RyR2 regulates Cx43 hemichannel intracellular Ca2+-dependent activation in cardiomyocytes

兰尼定受体 兰尼碱受体2 细胞生物学 化学 细胞内 生物 医学
作者
Alessio Lissoni,Paco Hulpiau,Tânia Martins‐Marques,Nan Wang,Geert Bultynck,Rainer Schulz,Katja Witschas,Henrique Girão,Maarten De Smet,Luc Leybaert
出处
期刊:Cardiovascular Research [Oxford University Press]
卷期号:117 (1): 123-136 被引量:35
标识
DOI:10.1093/cvr/cvz340
摘要

Connexin-based gap junctions are crucial for electrical communication in the heart; they are each composed of two docked hemichannels (HCs), supplied as unpaired channels via the sarcolemma.

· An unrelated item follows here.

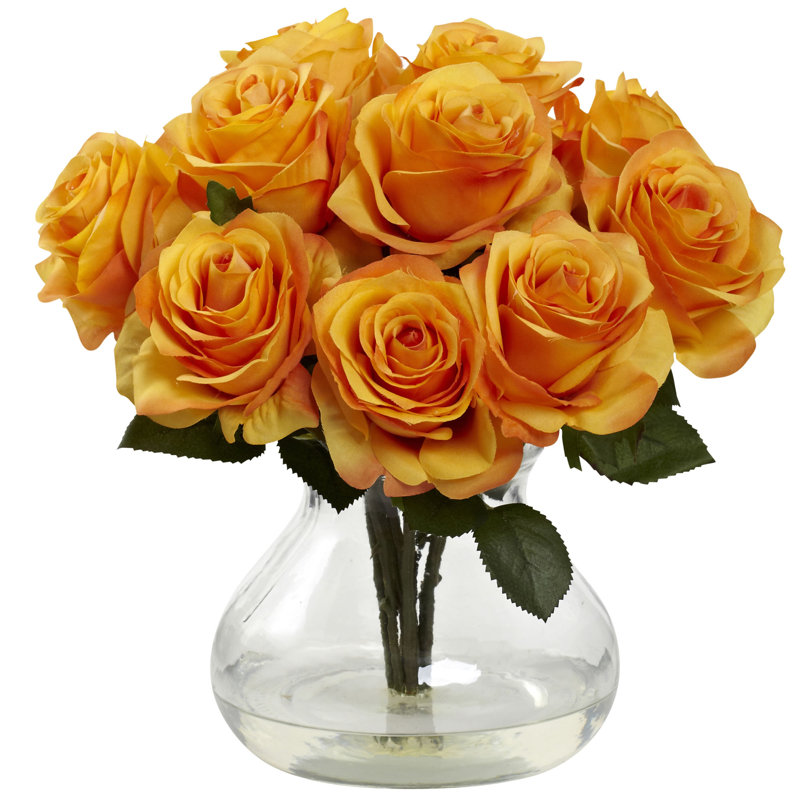 Centre de table Roses dans un vase, Orange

When open, an unpaired HC forms a large pore, high-conductance and Ca2+-permeable membrane shunt pathway that may disturb cardiomyocyte function. HCs composed of connexin 43 (Cx43), a major cardiac connexin, can be opened by electrical stimulation but only by very positive membrane potentials. Here, we investigated the activation of Cx43 HCs in murine ventricular cardiomyocytes voltage-clamped at -70 mV.Using whole-cell patch-clamp, co-immunoprecipitation, western blot analysis, immunocytochemistry, proximity ligation assays, and protein docking studies, we found that stimulation of ryanodine receptors (RyRs) triggered unitary currents with a single-channel conductance of ∼220 pS, which were strongly reduced by Cx43 knockdown. Recordings under Ca2+-clamp conditions showed that both RyR activation and intracellular Ca2+ elevation were necessary for HC opening. Proximity ligation studies indicated close Cx43-RyR2 apposition (<40 nm), and both proteins co-immunoprecipitated indicating physical interaction. Molecular modelling suggested a strongly conserved RyR-mimicking peptide sequence (RyRHCIp), which inhibited RyR/Ca2+ HC activation but not voltage-triggered activation. The peptide also slowed down action potential repolarization. Interestingly, alterations in the concerned RyR sequence are known to be associated with primary familial hypertrophic cardiomyopathy.Our results demonstrate that Cx43 HCs are intimately linked to RyRs, allowing them to open at negative diastolic membrane potential in response to RyR activation.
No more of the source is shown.